● Goal of the exercise
Please copy exactly the line that contains "Ester Manas Ruched" and every line after it through the end of the records, leaving the pictures out.

Given records below:

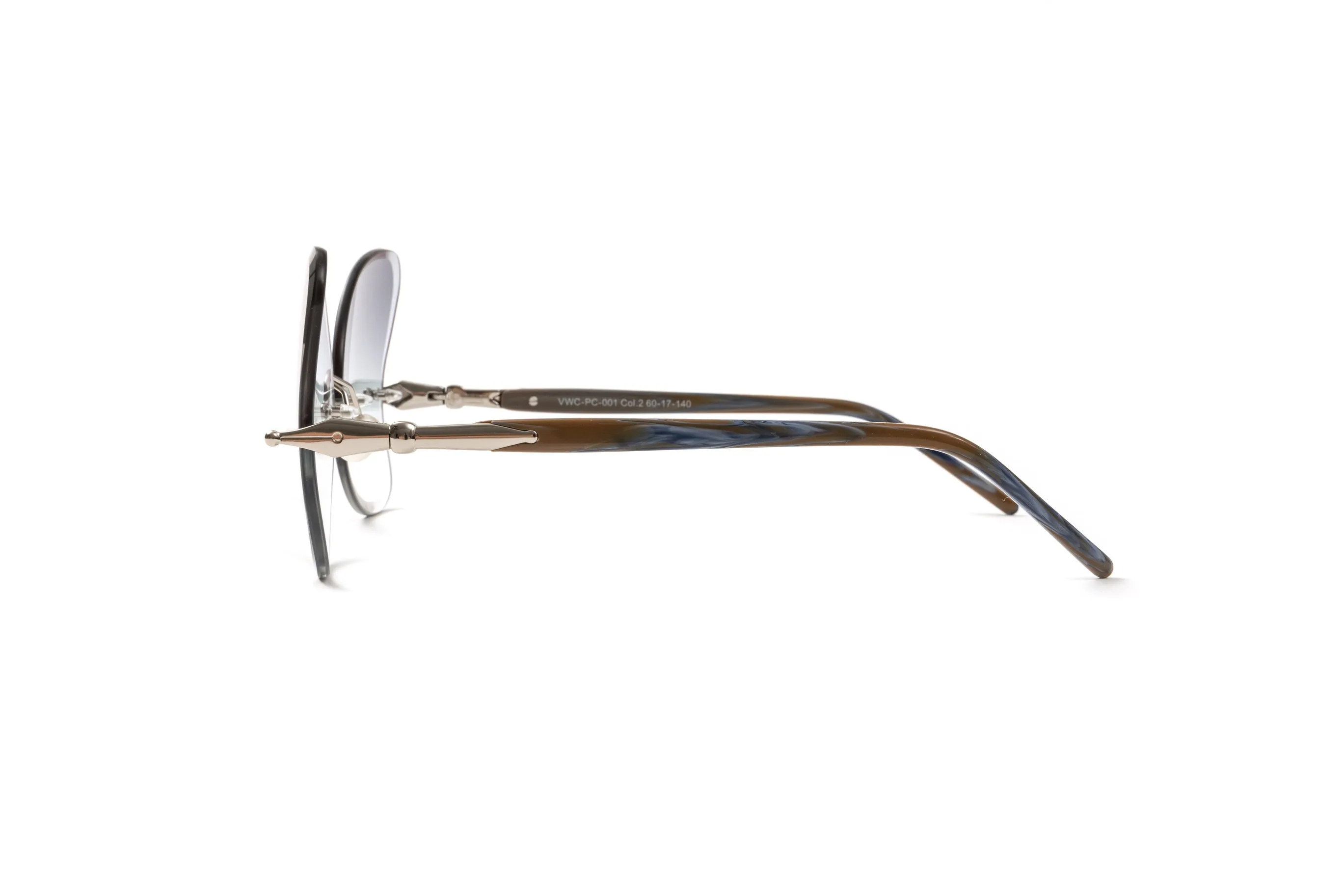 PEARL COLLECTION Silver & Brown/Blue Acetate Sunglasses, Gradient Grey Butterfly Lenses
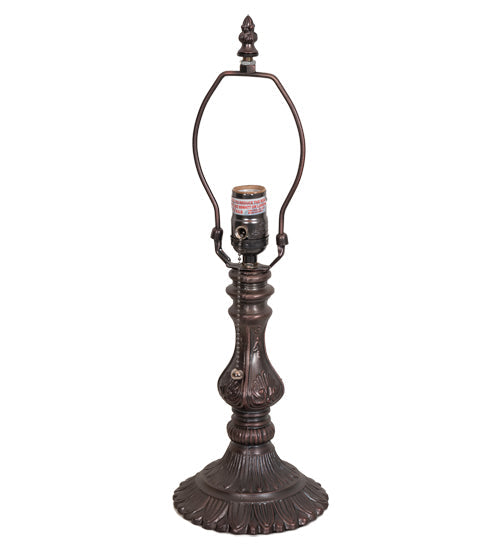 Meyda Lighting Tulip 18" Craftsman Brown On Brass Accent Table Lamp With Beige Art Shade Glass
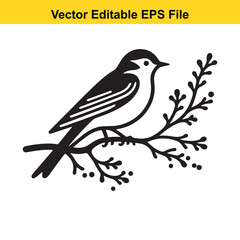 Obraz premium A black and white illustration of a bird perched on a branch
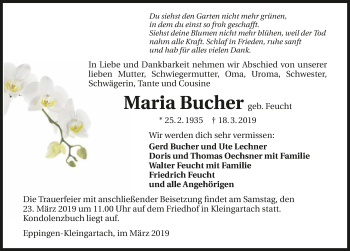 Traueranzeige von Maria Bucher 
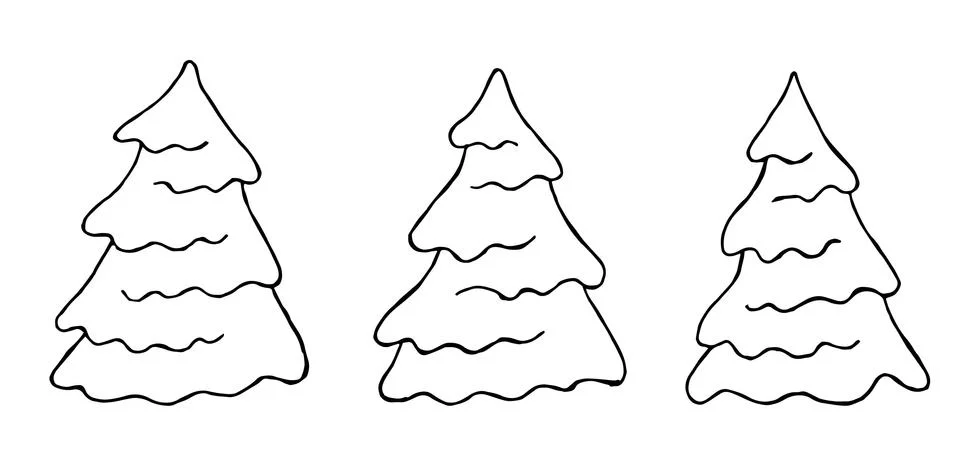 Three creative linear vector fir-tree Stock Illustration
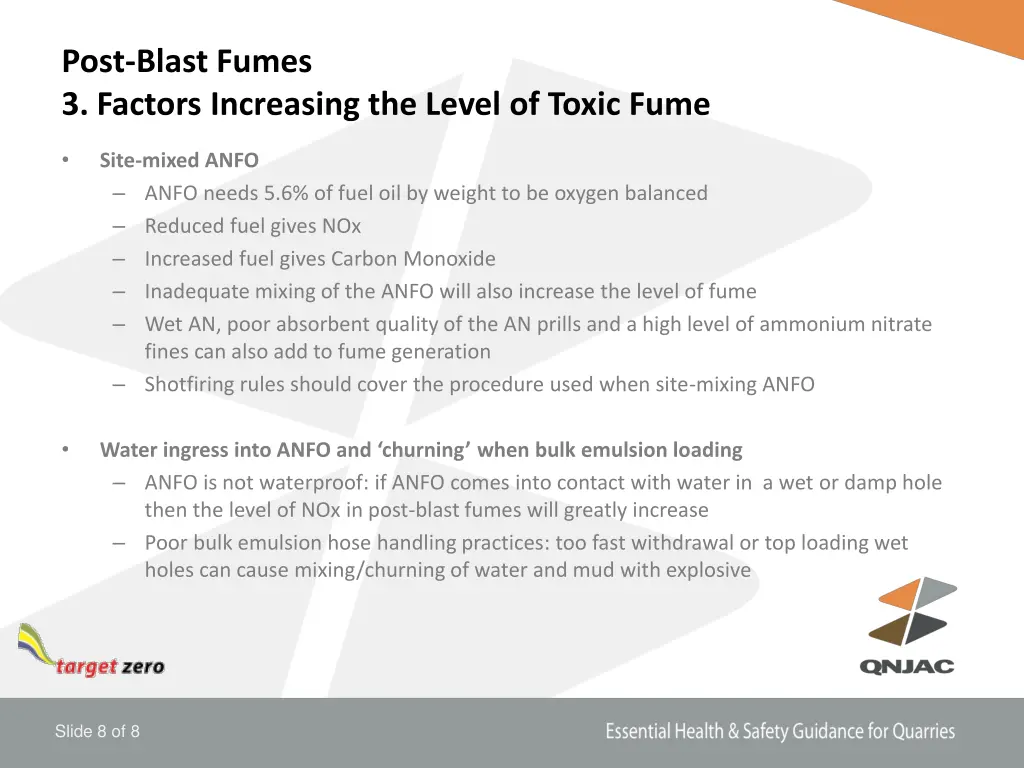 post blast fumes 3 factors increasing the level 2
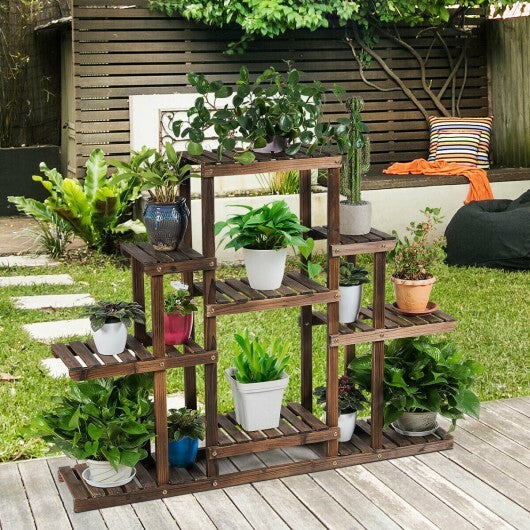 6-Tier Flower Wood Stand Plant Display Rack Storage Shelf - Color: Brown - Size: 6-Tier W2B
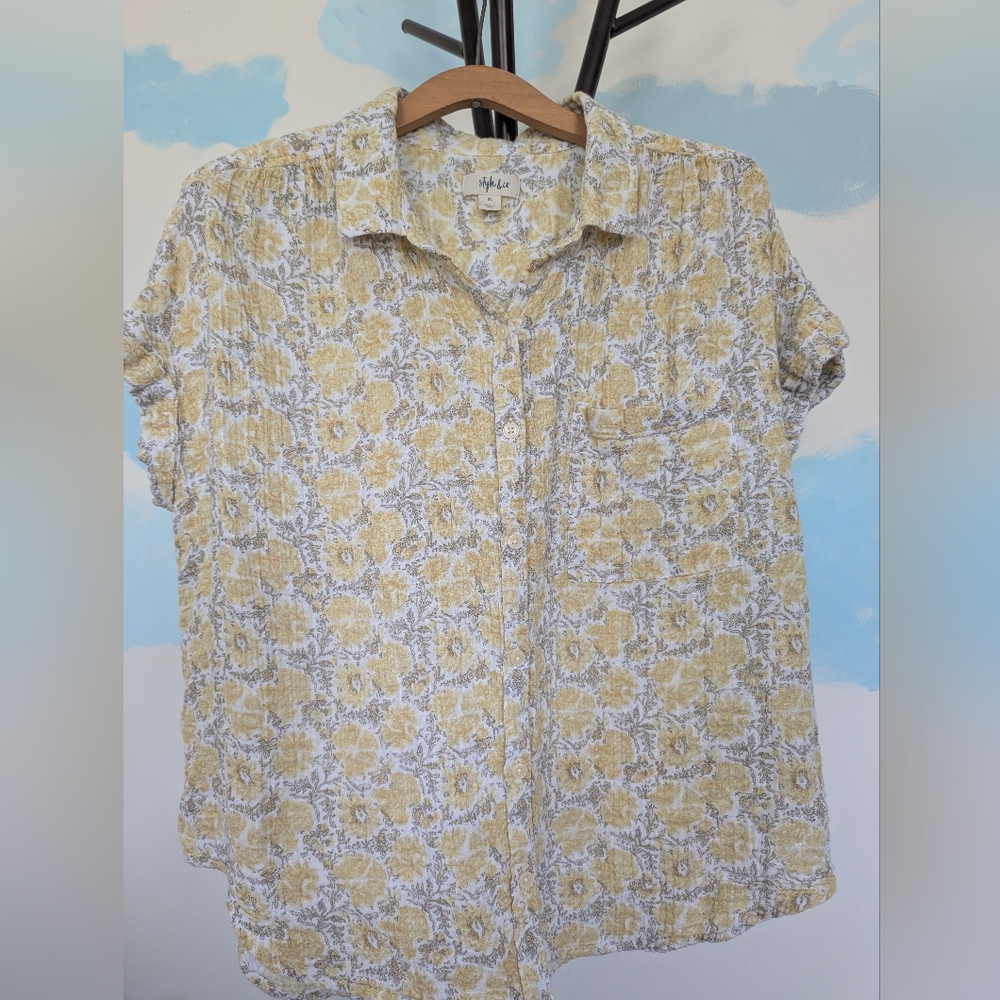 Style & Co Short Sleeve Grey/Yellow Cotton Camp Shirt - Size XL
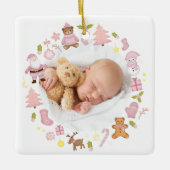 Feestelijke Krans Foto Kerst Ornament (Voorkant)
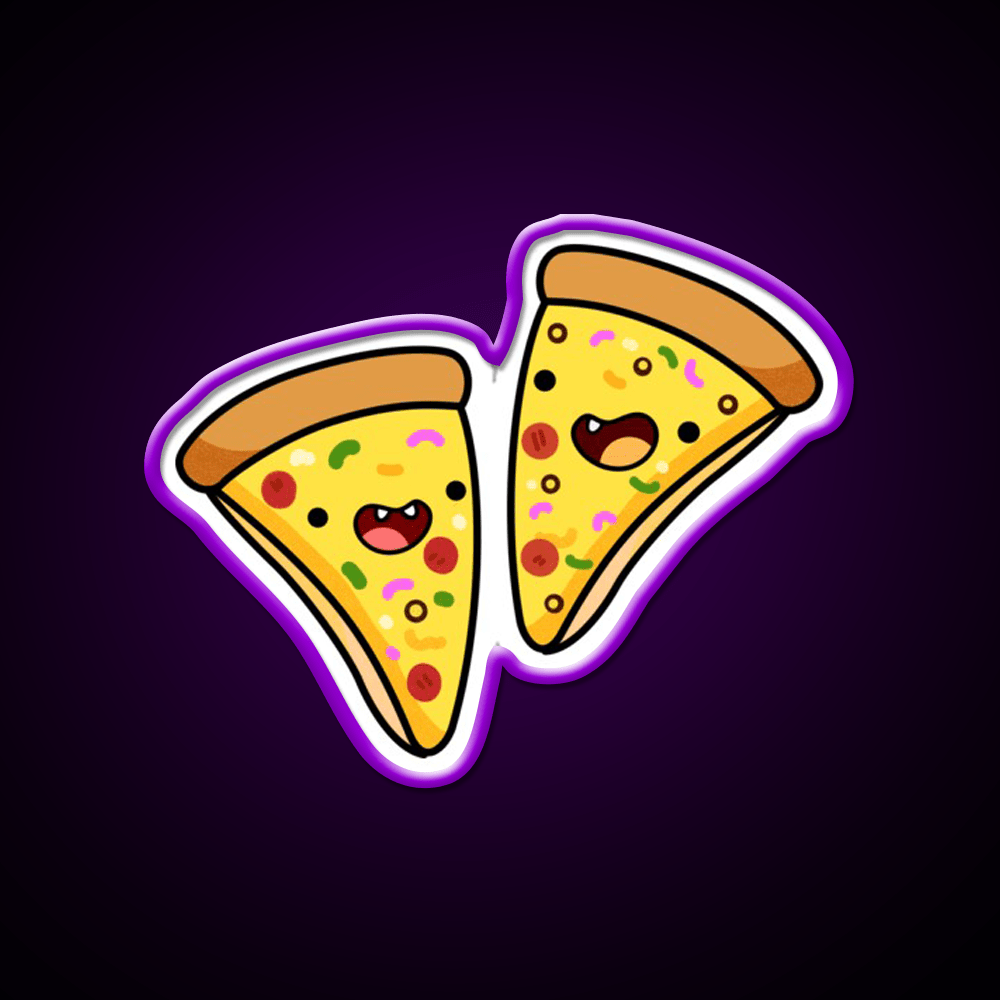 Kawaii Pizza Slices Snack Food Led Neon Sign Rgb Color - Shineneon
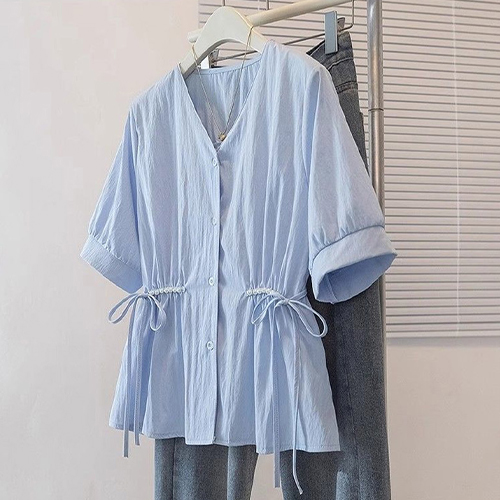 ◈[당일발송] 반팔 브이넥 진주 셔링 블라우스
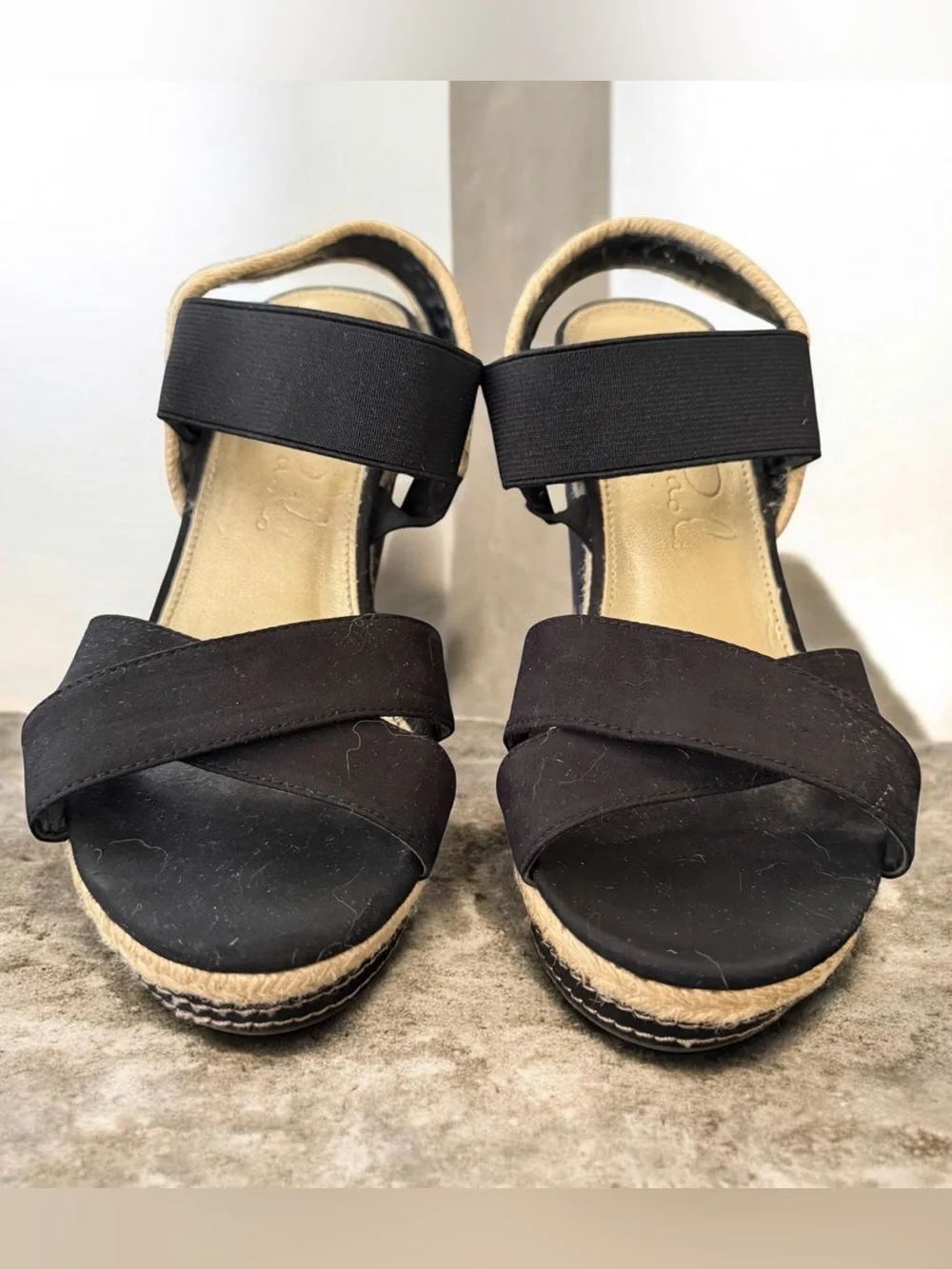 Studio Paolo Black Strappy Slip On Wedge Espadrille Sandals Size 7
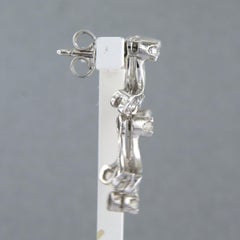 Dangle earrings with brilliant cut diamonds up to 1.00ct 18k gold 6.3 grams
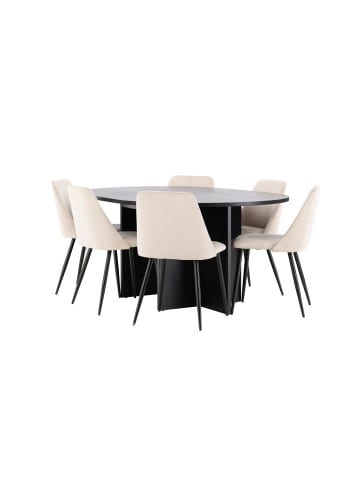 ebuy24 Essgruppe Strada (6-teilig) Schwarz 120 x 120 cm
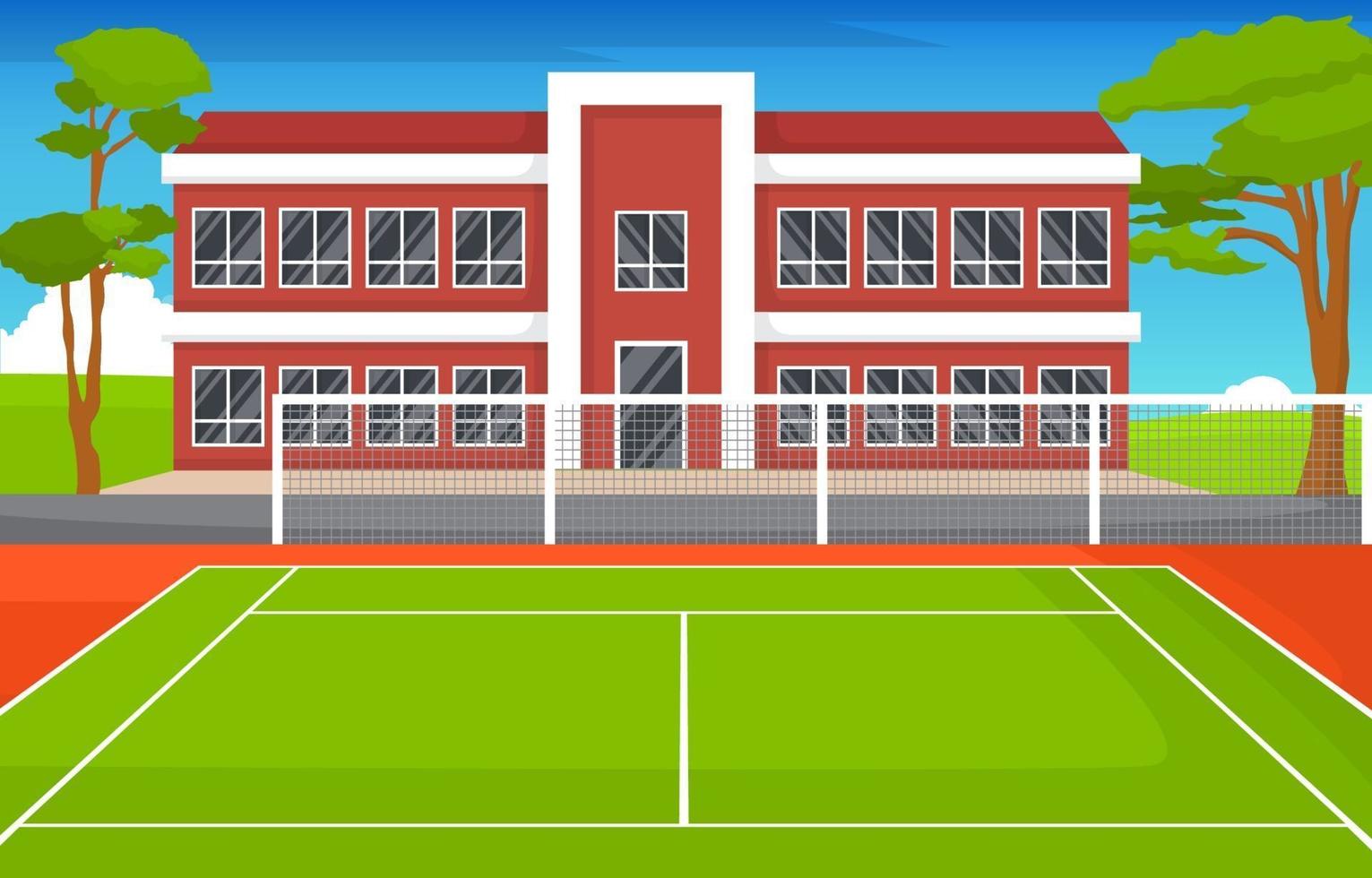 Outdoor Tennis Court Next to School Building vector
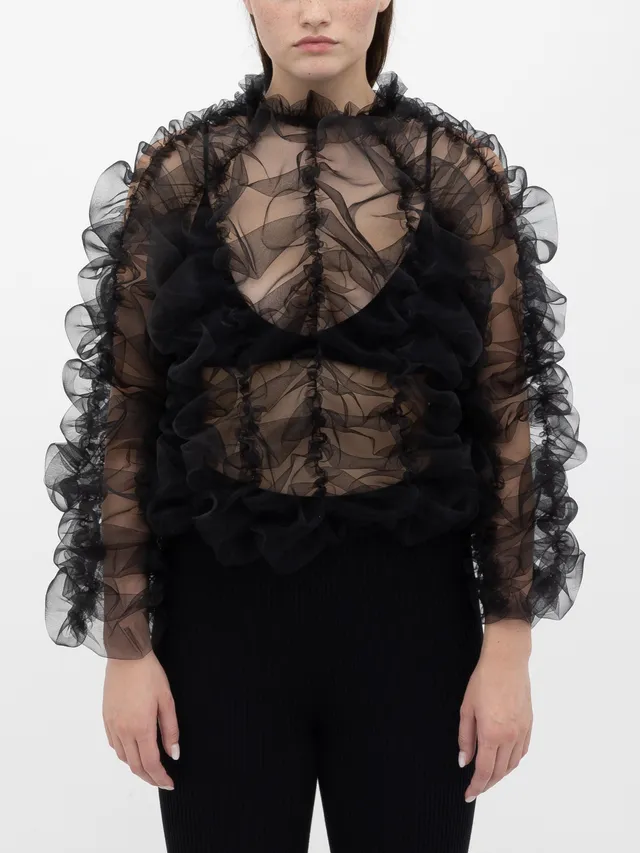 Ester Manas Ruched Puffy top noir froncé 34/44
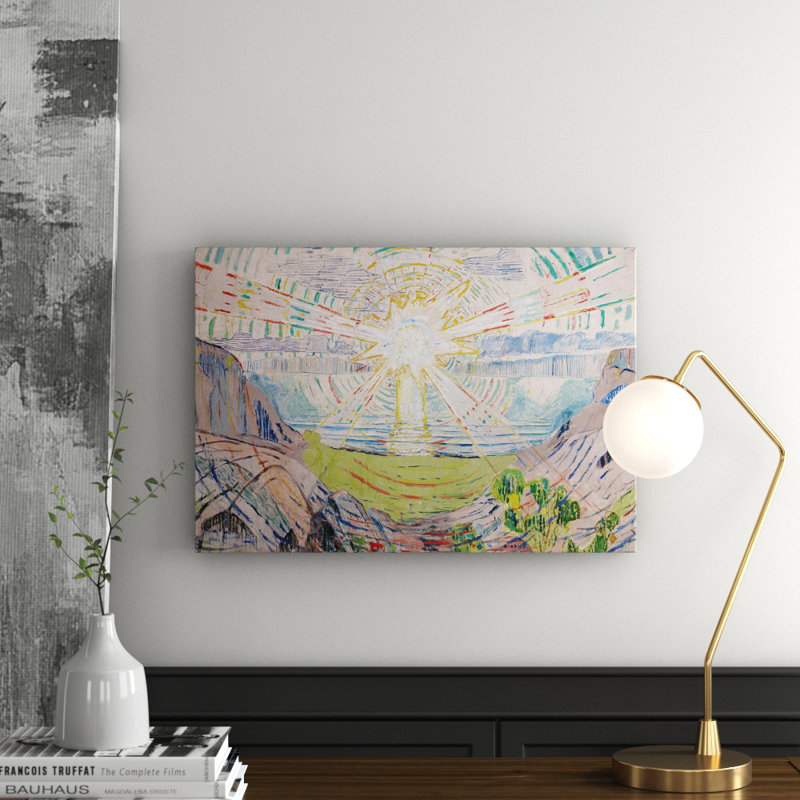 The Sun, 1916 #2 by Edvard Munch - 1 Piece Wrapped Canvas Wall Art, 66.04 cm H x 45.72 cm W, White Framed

End of Given records.

● Your response
 Ester Manas Ruched Puffy top noir froncé 34/44
 The Sun, 1916 #2 by Edvard Munch - 1 Piece Wrapped Canvas Wall Art, 66.04 cm H x 45.72 cm W, White Framed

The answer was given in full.